• _DATASET ENTRIES_:
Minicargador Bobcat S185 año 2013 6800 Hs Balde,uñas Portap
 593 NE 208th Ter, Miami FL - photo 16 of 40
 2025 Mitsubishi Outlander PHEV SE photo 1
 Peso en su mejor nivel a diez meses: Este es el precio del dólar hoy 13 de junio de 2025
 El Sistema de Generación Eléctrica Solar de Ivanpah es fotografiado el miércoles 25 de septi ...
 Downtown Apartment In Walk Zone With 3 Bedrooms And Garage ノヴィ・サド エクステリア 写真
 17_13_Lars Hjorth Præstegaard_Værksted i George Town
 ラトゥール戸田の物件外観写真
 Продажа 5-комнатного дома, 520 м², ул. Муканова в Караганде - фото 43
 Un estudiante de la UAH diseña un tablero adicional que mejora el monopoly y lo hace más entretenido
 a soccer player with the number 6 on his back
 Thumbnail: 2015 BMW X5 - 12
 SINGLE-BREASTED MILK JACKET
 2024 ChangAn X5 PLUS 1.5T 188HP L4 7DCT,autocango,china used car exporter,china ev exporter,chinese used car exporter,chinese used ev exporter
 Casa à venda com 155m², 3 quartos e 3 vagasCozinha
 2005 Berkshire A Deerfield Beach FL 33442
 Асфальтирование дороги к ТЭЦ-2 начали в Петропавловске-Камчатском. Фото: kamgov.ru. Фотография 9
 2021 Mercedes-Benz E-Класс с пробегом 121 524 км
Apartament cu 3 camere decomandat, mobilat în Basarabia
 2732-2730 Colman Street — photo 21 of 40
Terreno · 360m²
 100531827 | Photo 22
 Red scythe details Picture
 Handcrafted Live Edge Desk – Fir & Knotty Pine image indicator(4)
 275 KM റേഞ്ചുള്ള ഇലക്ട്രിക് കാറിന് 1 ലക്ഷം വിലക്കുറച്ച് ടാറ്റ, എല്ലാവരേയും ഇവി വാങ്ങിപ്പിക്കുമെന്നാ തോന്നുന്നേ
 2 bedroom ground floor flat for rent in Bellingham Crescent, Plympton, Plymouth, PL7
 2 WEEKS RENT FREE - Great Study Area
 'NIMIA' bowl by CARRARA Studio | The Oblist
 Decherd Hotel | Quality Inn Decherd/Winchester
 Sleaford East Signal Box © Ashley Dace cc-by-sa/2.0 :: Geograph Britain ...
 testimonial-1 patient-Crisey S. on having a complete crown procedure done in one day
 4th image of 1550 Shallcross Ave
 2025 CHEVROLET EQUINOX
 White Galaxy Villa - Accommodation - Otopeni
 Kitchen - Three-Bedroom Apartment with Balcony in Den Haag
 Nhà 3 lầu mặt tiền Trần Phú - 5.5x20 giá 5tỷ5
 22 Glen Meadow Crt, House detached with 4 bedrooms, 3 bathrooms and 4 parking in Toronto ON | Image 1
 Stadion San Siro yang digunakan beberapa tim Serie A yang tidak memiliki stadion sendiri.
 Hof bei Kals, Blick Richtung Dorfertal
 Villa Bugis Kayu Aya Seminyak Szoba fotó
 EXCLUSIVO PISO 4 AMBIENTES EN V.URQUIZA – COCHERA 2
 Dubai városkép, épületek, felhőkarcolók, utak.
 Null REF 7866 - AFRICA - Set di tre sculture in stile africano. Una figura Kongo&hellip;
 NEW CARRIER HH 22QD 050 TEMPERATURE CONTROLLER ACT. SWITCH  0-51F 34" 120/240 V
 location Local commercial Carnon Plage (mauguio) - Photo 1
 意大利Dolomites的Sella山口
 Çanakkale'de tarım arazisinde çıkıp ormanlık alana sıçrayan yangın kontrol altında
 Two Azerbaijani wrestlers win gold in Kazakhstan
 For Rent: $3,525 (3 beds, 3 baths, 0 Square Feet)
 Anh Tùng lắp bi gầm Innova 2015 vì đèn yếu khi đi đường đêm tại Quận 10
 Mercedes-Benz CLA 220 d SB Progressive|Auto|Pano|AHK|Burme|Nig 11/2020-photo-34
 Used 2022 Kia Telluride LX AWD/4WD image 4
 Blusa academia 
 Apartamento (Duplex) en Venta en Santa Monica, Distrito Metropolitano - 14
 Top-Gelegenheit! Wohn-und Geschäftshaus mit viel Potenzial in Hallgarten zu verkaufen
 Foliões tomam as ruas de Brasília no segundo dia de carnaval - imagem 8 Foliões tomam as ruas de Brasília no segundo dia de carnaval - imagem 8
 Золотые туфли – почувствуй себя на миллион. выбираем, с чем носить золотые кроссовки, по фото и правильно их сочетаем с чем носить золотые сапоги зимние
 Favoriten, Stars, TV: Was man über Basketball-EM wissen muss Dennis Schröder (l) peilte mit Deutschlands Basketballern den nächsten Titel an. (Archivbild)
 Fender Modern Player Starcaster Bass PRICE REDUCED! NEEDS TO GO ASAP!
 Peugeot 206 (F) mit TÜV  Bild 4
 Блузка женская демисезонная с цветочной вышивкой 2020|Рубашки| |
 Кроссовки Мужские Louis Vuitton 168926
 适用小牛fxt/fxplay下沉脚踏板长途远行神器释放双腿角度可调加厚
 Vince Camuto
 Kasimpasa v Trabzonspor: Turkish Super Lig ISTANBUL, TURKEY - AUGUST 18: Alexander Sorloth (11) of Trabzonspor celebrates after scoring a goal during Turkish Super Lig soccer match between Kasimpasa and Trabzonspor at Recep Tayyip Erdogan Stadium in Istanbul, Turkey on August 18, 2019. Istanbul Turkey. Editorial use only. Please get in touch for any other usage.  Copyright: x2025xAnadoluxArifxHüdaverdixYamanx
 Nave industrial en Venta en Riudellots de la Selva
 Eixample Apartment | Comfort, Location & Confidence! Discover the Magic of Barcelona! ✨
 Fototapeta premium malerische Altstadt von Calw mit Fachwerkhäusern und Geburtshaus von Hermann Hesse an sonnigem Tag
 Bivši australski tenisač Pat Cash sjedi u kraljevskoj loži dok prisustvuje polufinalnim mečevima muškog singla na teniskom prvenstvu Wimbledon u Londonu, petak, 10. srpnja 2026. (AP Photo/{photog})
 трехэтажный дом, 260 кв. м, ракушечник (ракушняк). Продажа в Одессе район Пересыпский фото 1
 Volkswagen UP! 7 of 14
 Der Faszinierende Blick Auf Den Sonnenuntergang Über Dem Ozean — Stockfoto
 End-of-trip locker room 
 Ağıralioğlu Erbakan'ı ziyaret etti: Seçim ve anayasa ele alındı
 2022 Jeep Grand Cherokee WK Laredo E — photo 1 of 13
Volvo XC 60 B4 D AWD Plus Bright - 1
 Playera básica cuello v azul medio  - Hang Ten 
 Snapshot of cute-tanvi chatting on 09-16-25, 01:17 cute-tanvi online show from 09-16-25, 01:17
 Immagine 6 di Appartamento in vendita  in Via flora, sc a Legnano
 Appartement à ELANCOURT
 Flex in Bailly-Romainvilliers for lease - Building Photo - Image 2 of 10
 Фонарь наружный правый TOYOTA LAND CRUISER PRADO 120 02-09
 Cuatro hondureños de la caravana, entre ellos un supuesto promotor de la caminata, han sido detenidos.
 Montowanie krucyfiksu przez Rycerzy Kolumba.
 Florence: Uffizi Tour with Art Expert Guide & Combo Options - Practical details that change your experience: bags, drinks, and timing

• _EXERCISE_:
Set down the material above exactly, in full.

• _RESPONSE BELOW_:
Minicargador Bobcat S185 año 2013 6800 Hs Balde,uñas Portap
 593 NE 208th Ter, Miami FL - photo 16 of 40
 2025 Mitsubishi Outlander PHEV SE photo 1
 Peso en su mejor nivel a diez meses: Este es el precio del dólar hoy 13 de junio de 2025
 El Sistema de Generación Eléctrica Solar de Ivanpah es fotografiado el miércoles 25 de septi ...
 Downtown Apartment In Walk Zone With 3 Bedrooms And Garage ノヴィ・サド エクステリア 写真
 17_13_Lars Hjorth Præstegaard_Værksted i George Town
 ラトゥール戸田の物件外観写真
 Продажа 5-комнатного дома, 520 м², ул. Муканова в Караганде - фото 43
 Un estudiante de la UAH diseña un tablero adicional que mejora el monopoly y lo hace más entretenido
 a soccer player with the number 6 on his back
 Thumbnail: 2015 BMW X5 - 12
 SINGLE-BREASTED MILK JACKET
 2024 ChangAn X5 PLUS 1.5T 188HP L4 7DCT,autocango,china used car exporter,china ev exporter,chinese used car exporter,chinese used ev exporter
 Casa à venda com 155m², 3 quartos e 3 vagasCozinha
 2005 Berkshire A Deerfield Beach FL 33442
 Асфальтирование дороги к ТЭЦ-2 начали в Петропавловске-Камчатском. Фото: kamgov.ru. Фотография 9
 2021 Mercedes-Benz E-Класс с пробегом 121 524 км
Apartament cu 3 camere decomandat, mobilat în Basarabia
 2732-2730 Colman Street — photo 21 of 40
Terreno · 360m²
 100531827 | Photo 22
 Red scythe details Picture
 Handcrafted Live Edge Desk – Fir & Knotty Pine image indicator(4)
 275 KM റേഞ്ചുള്ള ഇലക്ട്രിക് കാറിന് 1 ലക്ഷം വിലക്കുറച്ച് ടാറ്റ, എല്ലാവരേയും ഇവി വാങ്ങിപ്പിക്കുമെന്നാ തോന്നുന്നേ
 2 bedroom ground floor flat for rent in Bellingham Crescent, Plympton, Plymouth, PL7
 2 WEEKS RENT FREE - Great Study Area
 'NIMIA' bowl by CARRARA Studio | The Oblist
 Decherd Hotel | Quality Inn Decherd/Winchester
 Sleaford East Signal Box © Ashley Dace cc-by-sa/2.0 :: Geograph Britain ...
 testimonial-1 patient-Crisey S. on having a complete crown procedure done in one day
 4th image of 1550 Shallcross Ave
 2025 CHEVROLET EQUINOX
 White Galaxy Villa - Accommodation - Otopeni
 Kitchen - Three-Bedroom Apartment with Balcony in Den Haag
 Nhà 3 lầu mặt tiền Trần Phú - 5.5x20 giá 5tỷ5
 22 Glen Meadow Crt, House detached with 4 bedrooms, 3 bathrooms and 4 parking in Toronto ON | Image 1
 Stadion San Siro yang digunakan beberapa tim Serie A yang tidak memiliki stadion sendiri.
 Hof bei Kals, Blick Richtung Dorfertal
 Villa Bugis Kayu Aya Seminyak Szoba fotó
 EXCLUSIVO PISO 4 AMBIENTES EN V.URQUIZA – COCHERA 2
 Dubai városkép, épületek, felhőkarcolók, utak.
 Null REF 7866 - AFRICA - Set di tre sculture in stile africano. Una figura Kongo&hellip;
 NEW CARRIER HH 22QD 050 TEMPERATURE CONTROLLER ACT. SWITCH  0-51F 34" 120/240 V
 location Local commercial Carnon Plage (mauguio) - Photo 1
 意大利Dolomites的Sella山口
 Çanakkale'de tarım arazisinde çıkıp ormanlık alana sıçrayan yangın kontrol altında
 Two Azerbaijani wrestlers win gold in Kazakhstan
 For Rent: $3,525 (3 beds, 3 baths, 0 Square Feet)
 Anh Tùng lắp bi gầm Innova 2015 vì đèn yếu khi đi đường đêm tại Quận 10
 Mercedes-Benz CLA 220 d SB Progressive|Auto|Pano|AHK|Burme|Nig 11/2020-photo-34
 Used 2022 Kia Telluride LX AWD/4WD image 4
 Blusa academia 
 Apartamento (Duplex) en Venta en Santa Monica, Distrito Metropolitano - 14
 Top-Gelegenheit! Wohn-und Geschäftshaus mit viel Potenzial in Hallgarten zu verkaufen
 Foliões tomam as ruas de Brasília no segundo dia de carnaval - imagem 8 Foliões tomam as ruas de Brasília no segundo dia de carnaval - imagem 8
 Золотые туфли – почувствуй себя на миллион. выбираем, с чем носить золотые кроссовки, по фото и правильно их сочетаем с чем носить золотые сапоги зимние
 Favoriten, Stars, TV: Was man über Basketball-EM wissen muss Dennis Schröder (l) peilte mit Deutschlands Basketballern den nächsten Titel an. (Archivbild)
 Fender Modern Player Starcaster Bass PRICE REDUCED! NEEDS TO GO ASAP!
 Peugeot 206 (F) mit TÜV  Bild 4
 Блузка женская демисезонная с цветочной вышивкой 2020|Рубашки| |
 Кроссовки Мужские Louis Vuitton 168926
 适用小牛fxt/fxplay下沉脚踏板长途远行神器释放双腿角度可调加厚
 Vince Camuto
 Kasimpasa v Trabzonspor: Turkish Super Lig ISTANBUL, TURKEY - AUGUST 18: Alexander Sorloth (11) of Trabzonspor celebrates after scoring a goal during Turkish Super Lig soccer match between Kasimpasa and Trabzonspor at Recep Tayyip Erdogan Stadium in Istanbul, Turkey on August 18, 2019. Istanbul Turkey. Editorial use only. Please get in touch for any other usage.  Copyright: x2025xAnadoluxArifxHüdaverdixYamanx
 Nave industrial en Venta en Riudellots de la Selva
 Eixample Apartment | Comfort, Location & Confidence! Discover the Magic of Barcelona! ✨
 Fototapeta premium malerische Altstadt von Calw mit Fachwerkhäusern und Geburtshaus von Hermann Hesse an sonnigem Tag
 Bivši australski tenisač Pat Cash sjedi u kraljevskoj loži dok prisustvuje polufinalnim mečevima muškog singla na teniskom prvenstvu Wimbledon u Londonu, petak, 10. srpnja 2026. (AP Photo/{photog})
 трехэтажный дом, 260 кв. м, ракушечник (ракушняк). Продажа в Одессе район Пересыпский фото 1
 Volkswagen UP! 7 of 14
 Der Faszinierende Blick Auf Den Sonnenuntergang Über Dem Ozean — Stockfoto
 End-of-trip locker room 
 Ağıralioğlu Erbakan'ı ziyaret etti: Seçim ve anayasa ele alındı
 2022 Jeep Grand Cherokee WK Laredo E — photo 1 of 13
Volvo XC 60 B4 D AWD Plus Bright - 1
 Playera básica cuello v azul medio  - Hang Ten 
 Snapshot of cute-tanvi chatting on 09-16-25, 01:17 cute-tanvi online show from 09-16-25, 01:17
 Immagine 6 di Appartamento in vendita  in Via flora, sc a Legnano
 Appartement à ELANCOURT
 Flex in Bailly-Romainvilliers for lease - Building Photo - Image 2 of 10
 Фонарь наружный правый TOYOTA LAND CRUISER PRADO 120 02-09
 Cuatro hondureños de la caravana, entre ellos un supuesto promotor de la caminata, han sido detenidos.
 Montowanie krucyfiksu przez Rycerzy Kolumba.
 Florence: Uffizi Tour with Art Expert Guide & Combo Options - Practical details that change your experience: bags, drinks, and timing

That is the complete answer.